Using mdls (spotlight)

Select the pdf files in finder and run.

set biglist to {}
set theListCommand to {"kMDItemFSName ", "kMDItemAuthors ", "kMDItemCreator ", "kMDItemTitle ", "kMDItemDescription ", "kMDItemContentCreationDate  "}
set theList to {"File Name = ", "Author = ", "Creator = ", "Title = ", "Description = ", "Content Creation Date = "}
tell application "Finder"
	set SiTem to selection
	repeat with item_a from 1 to number of items in SiTem
		set this_item to item item_a of SiTem as string
		set this_item to POSIX path of this_item
		repeat with item_b from 1 to number of items in theListCommand
			set this_kMDItem to item item_b of theListCommand as string
			set theResult to words of (do shell script "/usr/bin/mdls -name " & this_kMDItem & "-raw -nullMarker None " & quoted form of this_item)
			set this_kMDItemResult to ""
			repeat with item_c from 1 to number of items in theResult
				set this_kMDItemResult to this_kMDItemResult & item item_c of theResult & space as string
			end repeat
			copy item item_b of theList & this_kMDItemResult & return to end of biglist
		end repeat
		set last item of biglist to return as string
	end repeat
end tell
biglist as string

Most likely can be trimmed…

porkozone · February 28, 2009, 4:18am

Can Spotlight get the PDF Producer (ie distiller, PDF Library, Quartz, etc), or is that metadata not seen by spotlight?
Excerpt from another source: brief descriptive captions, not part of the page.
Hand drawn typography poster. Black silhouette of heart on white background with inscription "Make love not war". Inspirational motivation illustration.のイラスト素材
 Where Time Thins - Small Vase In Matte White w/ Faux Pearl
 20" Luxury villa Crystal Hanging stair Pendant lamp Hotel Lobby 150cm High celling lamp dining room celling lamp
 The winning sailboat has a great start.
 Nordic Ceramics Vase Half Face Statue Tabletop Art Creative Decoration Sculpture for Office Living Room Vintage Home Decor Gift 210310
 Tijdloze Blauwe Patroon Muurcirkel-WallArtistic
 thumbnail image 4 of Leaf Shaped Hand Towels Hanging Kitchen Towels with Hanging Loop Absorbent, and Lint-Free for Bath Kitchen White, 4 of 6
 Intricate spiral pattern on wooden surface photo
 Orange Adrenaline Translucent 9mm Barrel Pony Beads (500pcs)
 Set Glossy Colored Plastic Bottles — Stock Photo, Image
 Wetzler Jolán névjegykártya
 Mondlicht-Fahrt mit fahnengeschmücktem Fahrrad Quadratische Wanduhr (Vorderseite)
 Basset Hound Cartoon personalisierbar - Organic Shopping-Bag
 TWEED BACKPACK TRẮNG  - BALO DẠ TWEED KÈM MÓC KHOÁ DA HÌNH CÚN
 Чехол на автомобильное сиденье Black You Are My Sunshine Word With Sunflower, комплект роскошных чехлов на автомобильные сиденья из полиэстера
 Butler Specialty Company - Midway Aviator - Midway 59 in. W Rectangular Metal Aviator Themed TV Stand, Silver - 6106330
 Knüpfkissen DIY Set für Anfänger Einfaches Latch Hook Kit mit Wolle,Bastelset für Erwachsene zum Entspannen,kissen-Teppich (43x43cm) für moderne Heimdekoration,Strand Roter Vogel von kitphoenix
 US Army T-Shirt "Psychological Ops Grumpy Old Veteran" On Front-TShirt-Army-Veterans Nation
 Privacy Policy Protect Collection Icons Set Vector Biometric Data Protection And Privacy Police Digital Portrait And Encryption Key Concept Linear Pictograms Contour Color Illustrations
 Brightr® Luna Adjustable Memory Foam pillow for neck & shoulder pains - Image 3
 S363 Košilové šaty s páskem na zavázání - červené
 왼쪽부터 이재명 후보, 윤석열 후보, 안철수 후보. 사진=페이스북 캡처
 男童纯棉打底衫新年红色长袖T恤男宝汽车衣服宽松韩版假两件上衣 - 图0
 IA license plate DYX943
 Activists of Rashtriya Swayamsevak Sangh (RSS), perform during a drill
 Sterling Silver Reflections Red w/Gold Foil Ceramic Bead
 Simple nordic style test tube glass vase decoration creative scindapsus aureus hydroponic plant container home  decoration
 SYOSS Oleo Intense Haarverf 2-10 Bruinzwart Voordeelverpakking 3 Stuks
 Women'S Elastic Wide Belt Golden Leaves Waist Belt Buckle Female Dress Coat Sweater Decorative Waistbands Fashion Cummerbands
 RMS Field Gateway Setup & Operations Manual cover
mark_hunte · February 28, 2009, 8:35am

Yes, I called it "Creator = " in the script. The item name for the mdls is kMDItemCreator

Use the script below on any file to get its metadata, This will show you what you can get.
(The script was originally posted on macosxhints forums in 2005)


(* This script will open any selected file/s in finder  and  do a shell script " mdls " to get the metadata of the file/s and display the result in a Texedit document for each file 
©Mark Hunte 2005 - feel free to use as you wish*)
tell application "Finder"
	set SiTem to selection
	repeat with i from 1 to number of items in SiTem
		set this_item to item i of SiTem as string
		set this_item to POSIX path of this_item
		do shell script "mdls " & quoted form of this_item & " | open -f"
		
	end repeat
end tell

stefcyr · February 28, 2009, 1:10pm

Hi Mark, your 1st script does exactly what I need, the only thing I’m missing is what I get from your second script “kMDItemEncodingApplications”. I’m getting a result in that field in TextEdit that I would like to get in the 1st script. That’s all I need to get it to be perfect, any idea?

porkozone · February 28, 2009, 2:22pm

No, not that. If you open a PDF in Acrobat, and choose file>properties, there is a metadata field called “Application” which shows the application that created the document (InDesign, etc), and another metadata field called “PDF Producer”, which is the particular “engine” that created the PDF (Distiller, PDF Producer (when using export in Adobe apps), Quartz (when using OSX’s built-in PDF creator via the print dialog), etc). All the different engines create their own unique “issues” when creating PDFs.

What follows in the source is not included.